Instructions to follow:
What you return must be the lines from the first one below through the one containing "Moderne eerste kerst", exactly and with pictures excluded.

Data extracts below:

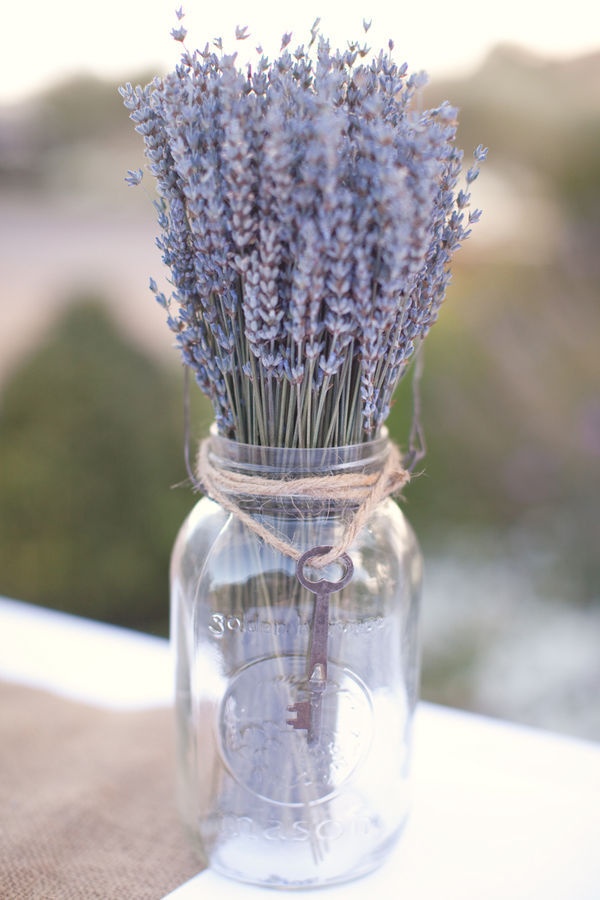 Lavender in Mason Jars for rustic centerpieces and wedding decor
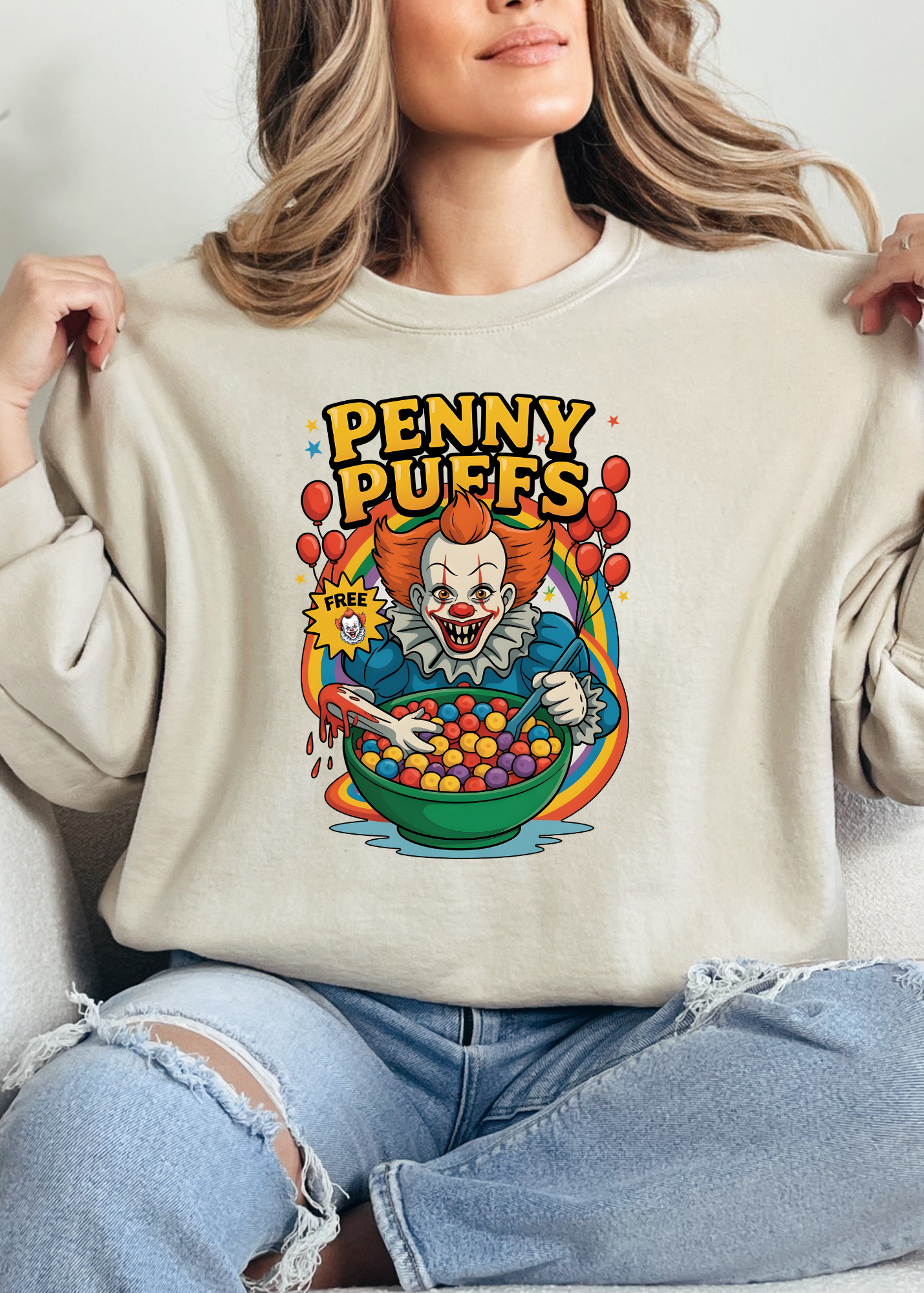 Person wearing a beige sweatshirt with 'Penny Puffs' graphic design.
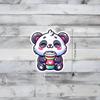Cute Panda Bear with Coffee Sticker Durable for Laptop, Car, Luggage, Skateboard & More - Perfect for Teens, Adults, Creative Decor & Gifting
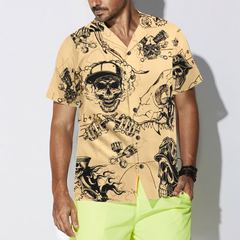 Skull On Retro Mechanism Background Hawaiian Shirt - Hyperfavor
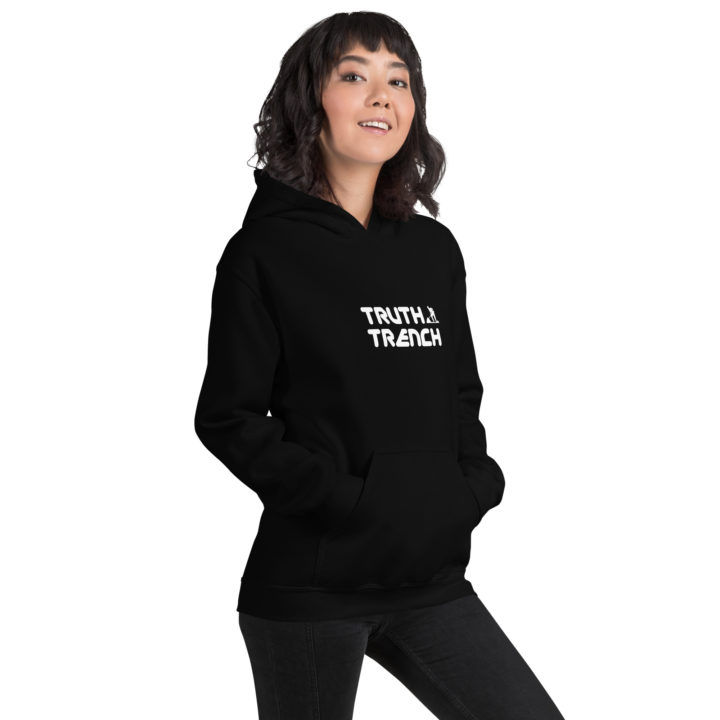 TruthTrench unisex black pullover hoodie. TruthTrench logo on front - TruthTrench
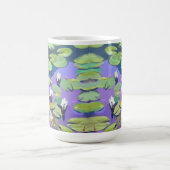 モネのスタイルの池のユリの花 コーヒーマグカップ (中央)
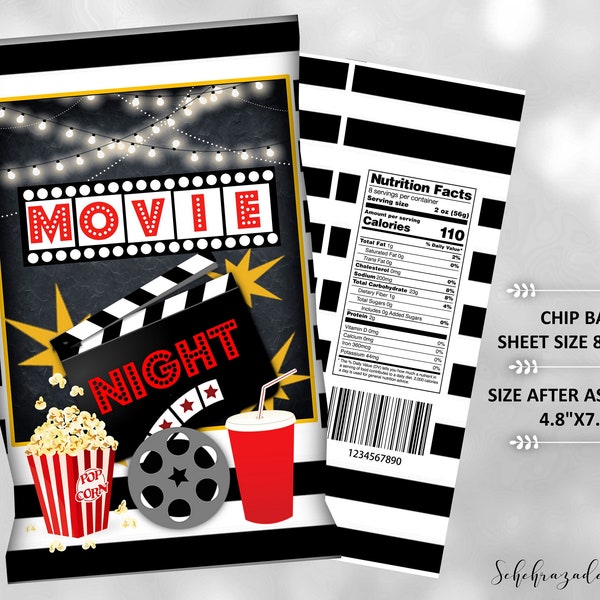 Movie Night Chip Bag, Potato Chip Bag, Movie night Party Favors, Snacks treat Bags, Printable Instant Digital Download CH01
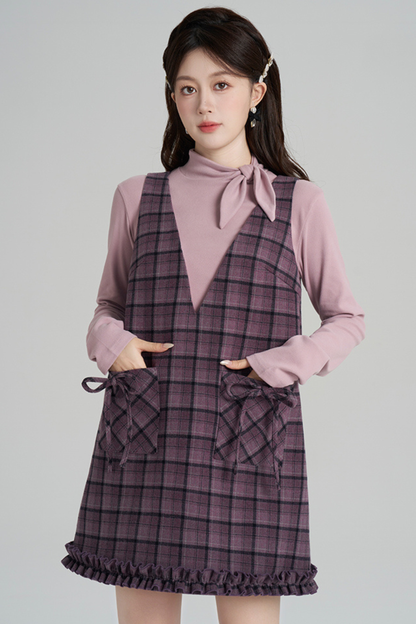Purple Plaid Ruffle Dress + Top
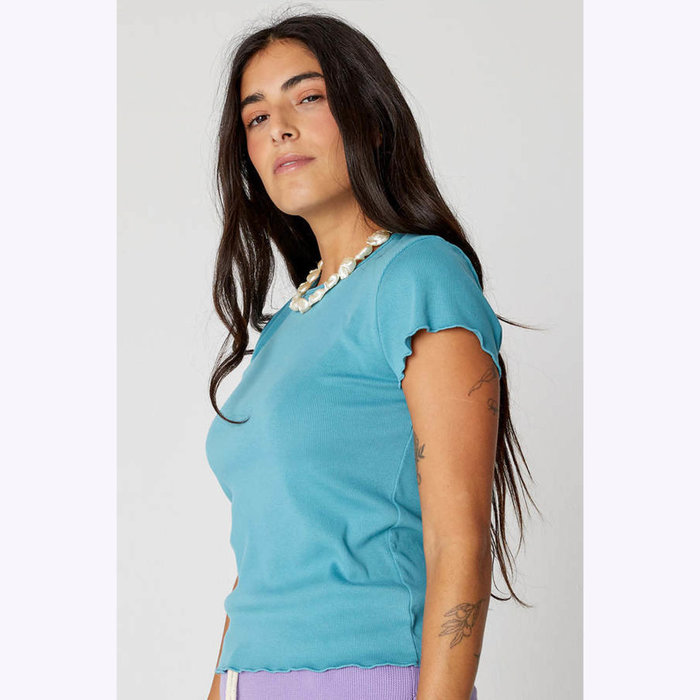 Back Beat co. Teal Baby Ribbed T-shirt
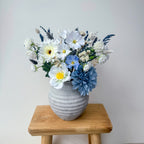 dusty blue faux bouquet with white artificial florals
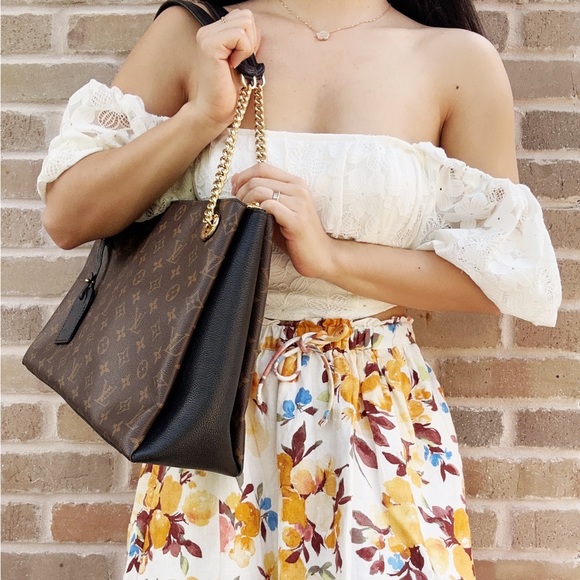 Louis Vuitton Surenne MM Shoulder Tote Bag M43772 Monogram Brown Black Noir - Picture 2 of 15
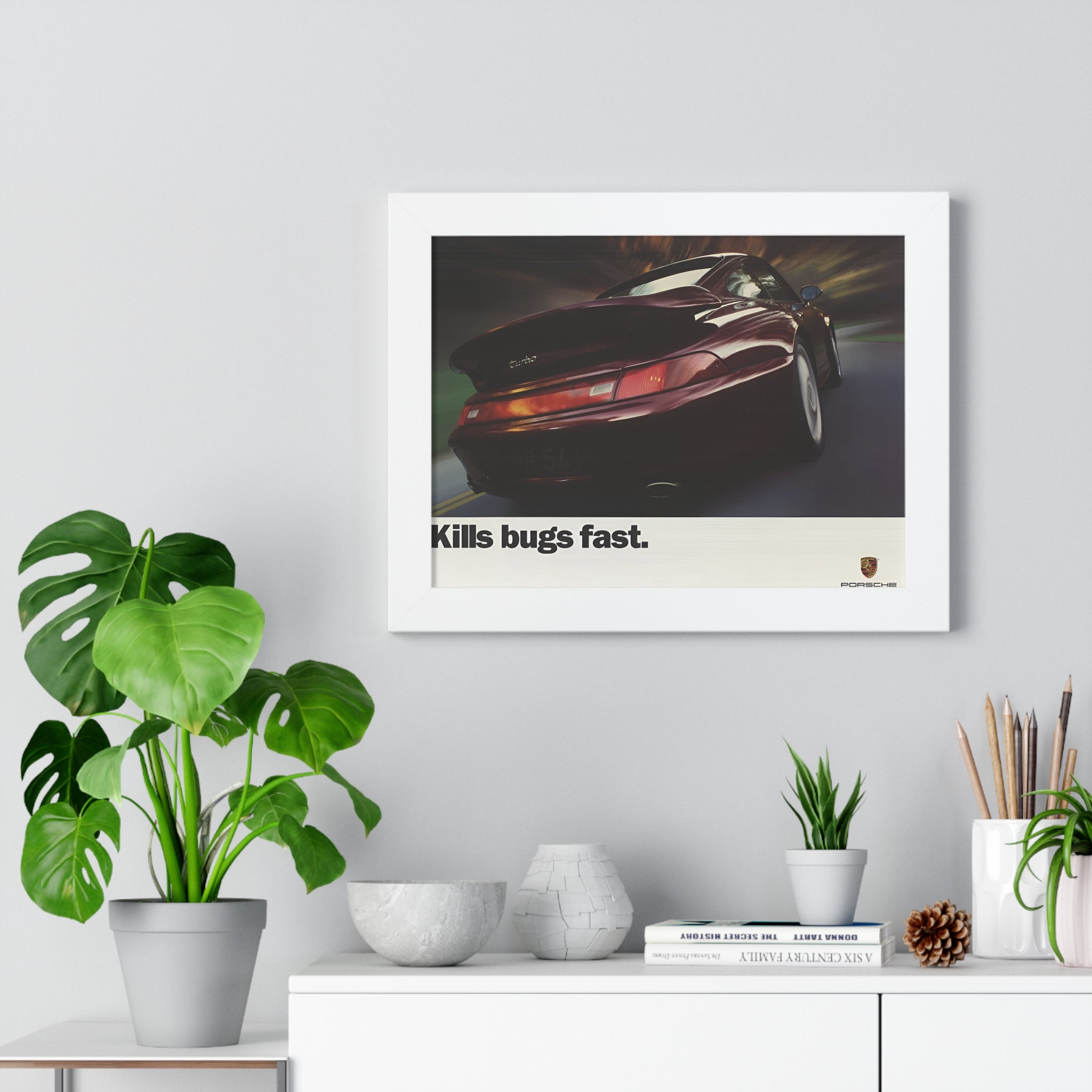Porsche 911 Turbo — "Kills Bugs Fast" | Vintage Ad Framed Poster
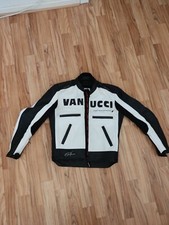 Vanucci Lederjacke Vintage Motorrad Jacke Schwarz Weiß 48 M L Jacke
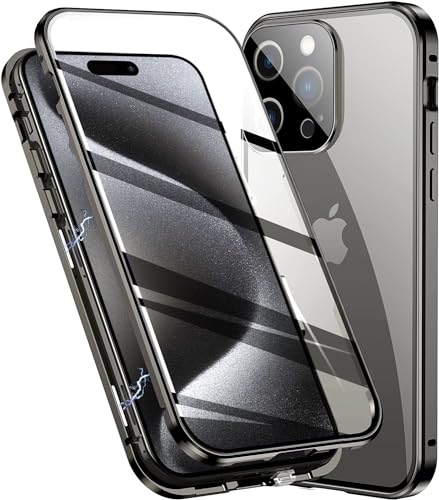 LIUKM Hülle für iPhone 15 Pro Max Magnetische Adsorption Handyhülle 360 Grad Stoßschutz Vorne hinten Gehärtetes Glas Schutzhülle Metallrahmen Case - Schwarz von LIUKM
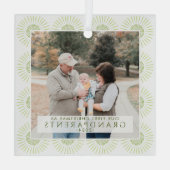 Moderne eerste kerst als grootouders Foto Glas Ornament (Achterkant)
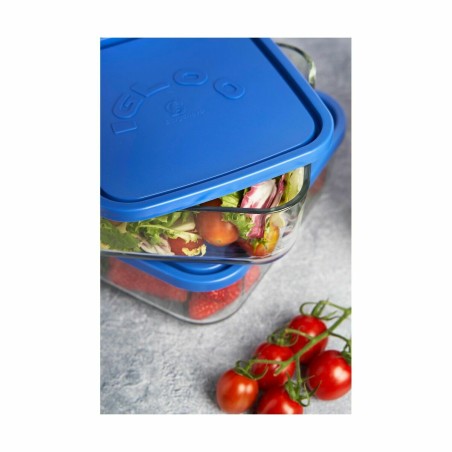 Porta pranzo Borgonovo Quadrato Azzurro 1,8 L 18,5 x 18,5 x 7,4 cm (12 Unità)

End of Data extracts.

Answer space:
 Lavender in Mason Jars for rustic centerpieces and wedding decor
 Person wearing a beige sweatshirt with 'Penny Puffs' graphic design.
Cute Panda Bear with Coffee Sticker Durable for Laptop, Car, Luggage, Skateboard & More - Perfect for Teens, Adults, Creative Decor & Gifting
 Skull On Retro Mechanism Background Hawaiian Shirt - Hyperfavor
 TruthTrench unisex black pullover hoodie. TruthTrench logo on front - TruthTrench
 モネのスタイルの池のユリの花 コーヒーマグカップ (中央)
 Movie Night Chip Bag, Potato Chip Bag, Movie night Party Favors, Snacks treat Bags, Printable Instant Digital Download CH01
Purple Plaid Ruffle Dress + Top
 Back Beat co. Teal Baby Ribbed T-shirt
 dusty blue faux bouquet with white artificial florals
 Louis Vuitton Surenne MM Shoulder Tote Bag M43772 Monogram Brown Black Noir - Picture 2 of 15
Porsche 911 Turbo — "Kills Bugs Fast" | Vintage Ad Framed Poster
 Vanucci Lederjacke Vintage Motorrad Jacke Schwarz Weiß 48 M L Jacke
 LIUKM Hülle für iPhone 15 Pro Max Magnetische Adsorption Handyhülle 360 Grad Stoßschutz Vorne hinten Gehärtetes Glas Schutzhülle Metallrahmen Case - Schwarz von LIUKM
 Moderne eerste kerst als grootouders Foto Glas Ornament (Achterkant)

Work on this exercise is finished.